I also went to Gelson’s and got a little thing of Chinese chicken salad and came home and ate that and some melon balls for my evening snack.  And that was about it.

Today, I shall hopefully arise after a good night’s beauty sleep.  I’ll choose songs, continue casting (we’ve cast one of our women and two of our younger people, so one more or two more women, two men, and a guest star are still needed), I’ll eat something light but amusing (kind of craving a roast beef sandwich – I cannot remember the last time I had a roast beef sandwich, but certainly it’s been over two decades, hopefully I’ll pick up some packages, and then I’ll relax.

Tomorrow there’s a House of Pies breakfast happening, then it’s just the Kritzerland show stuff, meetings and meals and seeing a show or a movie or something.

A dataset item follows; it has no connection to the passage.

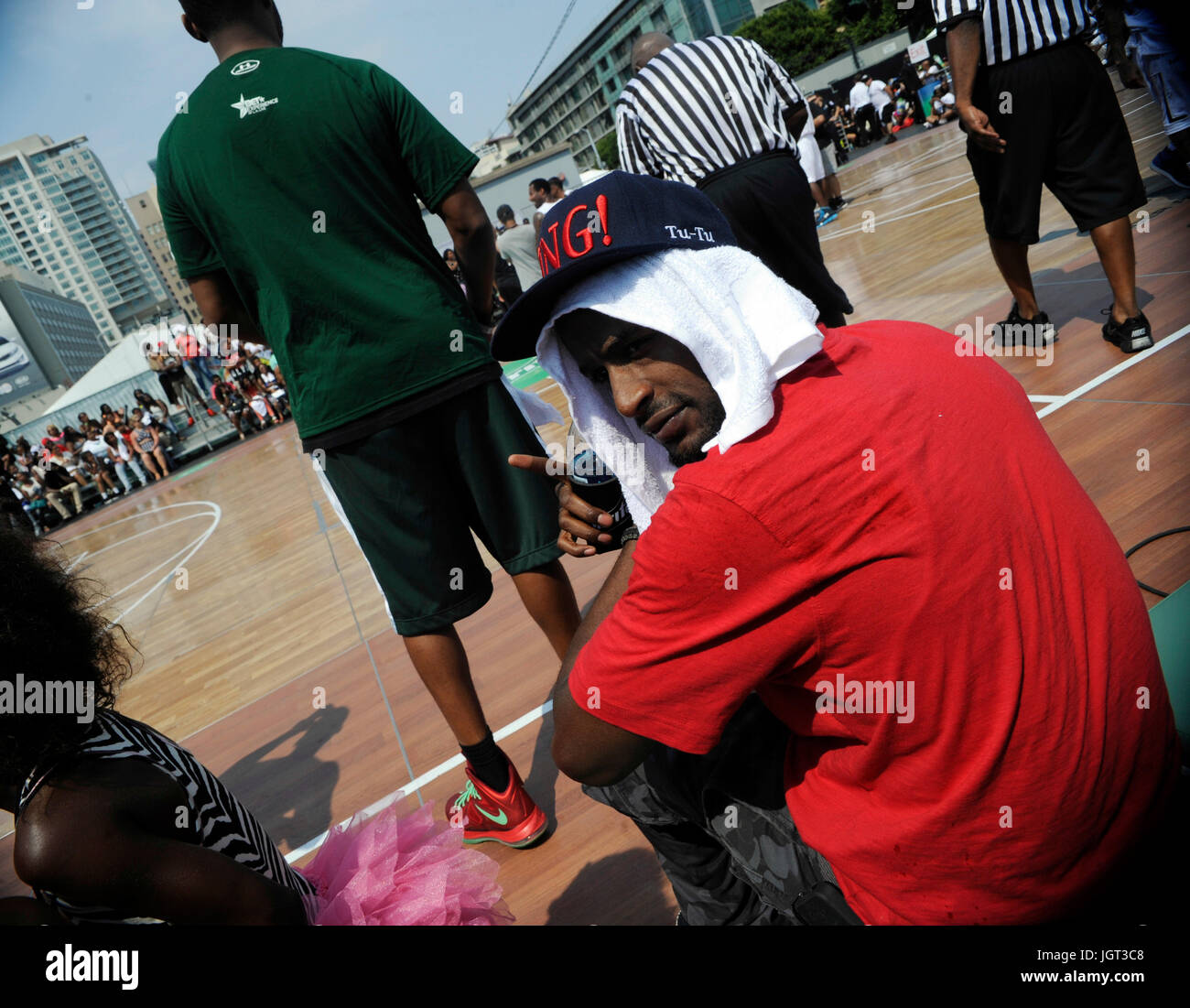 Jackie Long Sprite Celebrity Basketball-Ausstellungsspiel während 2013 WETTE Erfahrung L.A. LIVE Juni 29,2013 Los Angeles, Kalifornien Stockfoto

Well, dear readers, I must take the day, I must do the things I do, I must, for example, cast, choose, eat, hopefully pick up packages, and relax.  Today’s topic of discussion: It’s Ask BK Day, the day in which you get to ask me or any dear reader any old question you like and we get to give any old answer we like.  So, let’s have loads of lovely questions and loads of lovely answers and loads of lovely postings, shall we, whilst I hit the road to dreamland, where I shall fall asleep thinking you can never tell what a drunken Irishman will do.  Holy smokes, I got literary again – you’d think I was a Screaming Mimi or something.